◆ Your task
Find the line that contains "Des parents d’étudiants"; please output it and each line after it, exactly as shown, up to the end of the entries below, skipping pictures.
*** Opening Source data ***
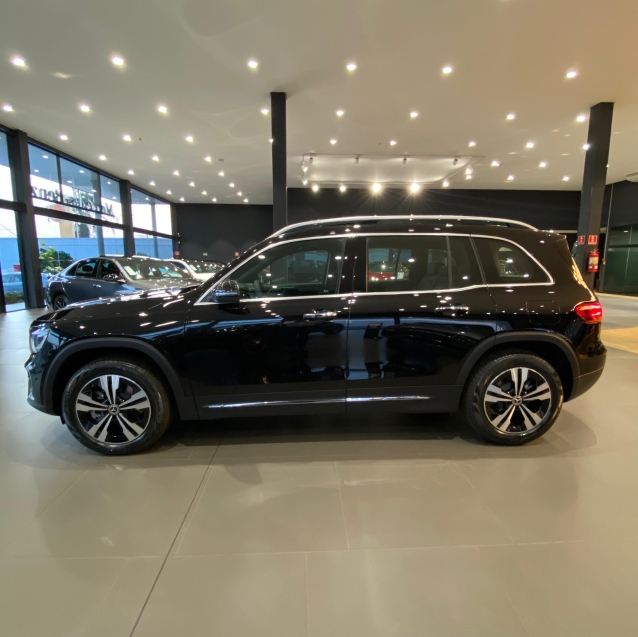 mercedes-benz glb 220 2.0 mhev progressive 4matic 8g-dct hibrido 4p automatico 20262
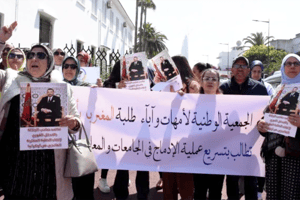 Des parents d’étudiants revenus d’Ukraine manifestent à Rabat, le 5 mai 2022. © DR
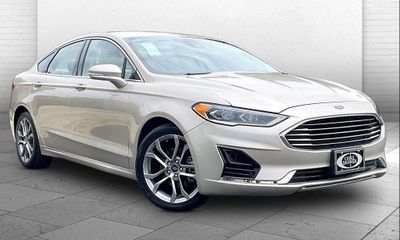 2019 Ford Fusion SEL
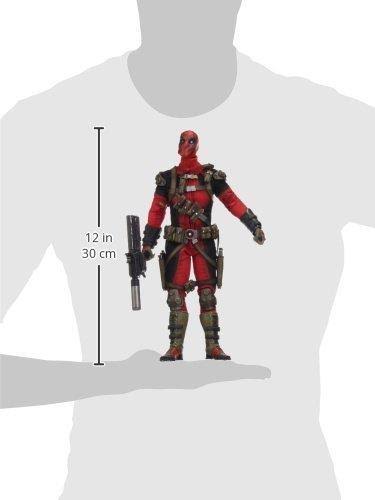 Deadpool Sixth Scale Figure C72636
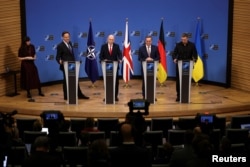 Генсекретар НАТО Марк Рютте, міністр оборони Великої Британії Джон Гілі, міністр оборони Німеччини Борис Пісторіус та міністр оборони України Михайло Федоров дають пресконференцію в штаб-квартирі НАТО в Брюсселі, Бельгія, 12 лютого 2026 року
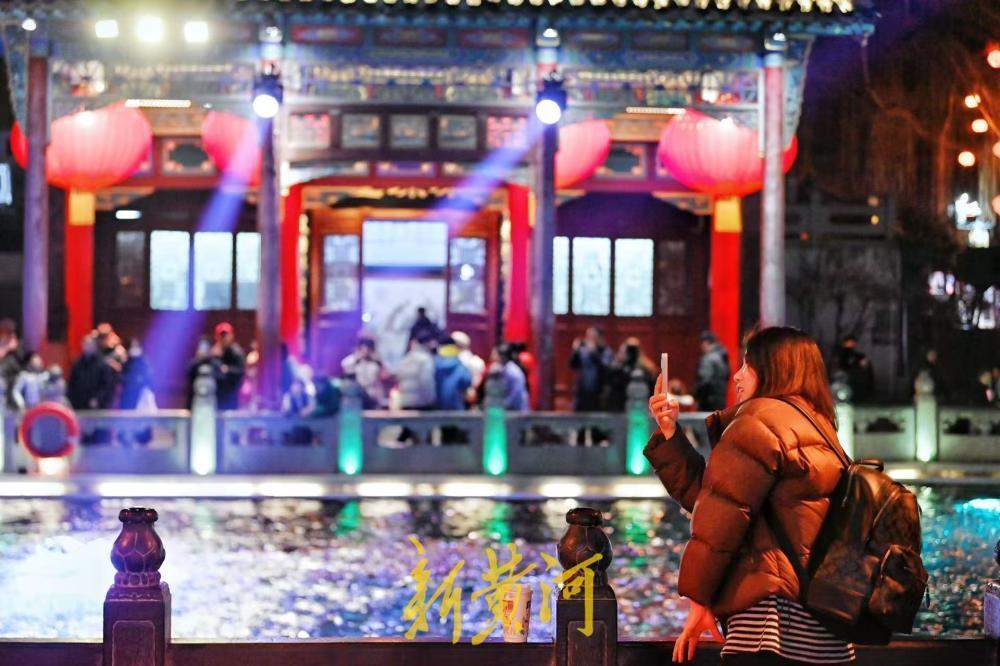 泉在济南过大年丨趵突泉三股水“水涌若轮”夜景如画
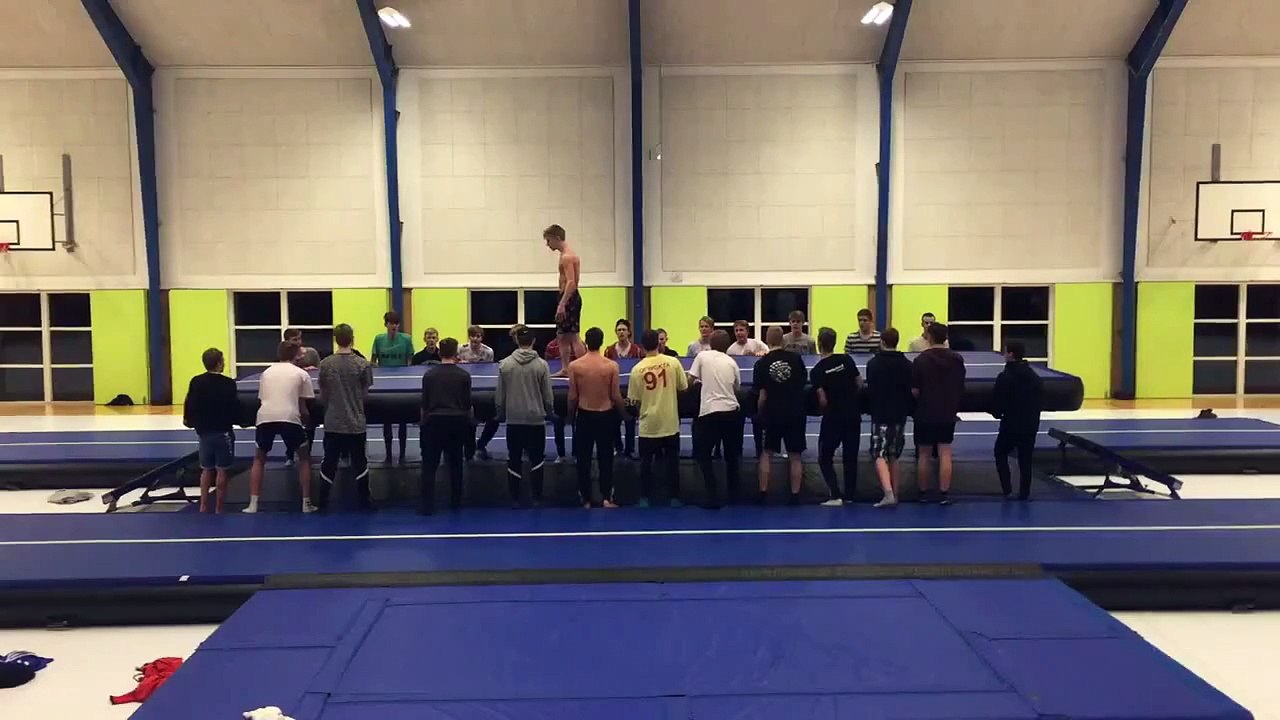 Un gymnaste réussit un quadruple backflip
*** Closing Source data ***
◆ Result of this exercise
 Des parents d’étudiants revenus d’Ukraine manifestent à Rabat, le 5 mai 2022. © DR
 2019 Ford Fusion SEL
 Deadpool Sixth Scale Figure C72636
 Генсекретар НАТО Марк Рютте, міністр оборони Великої Британії Джон Гілі, міністр оборони Німеччини Борис Пісторіус та міністр оборони України Михайло Федоров дають пресконференцію в штаб-квартирі НАТО в Брюсселі, Бельгія, 12 лютого 2026 року
 泉在济南过大年丨趵突泉三股水“水涌若轮”夜景如画
 Un gymnaste réussit un quadruple backflip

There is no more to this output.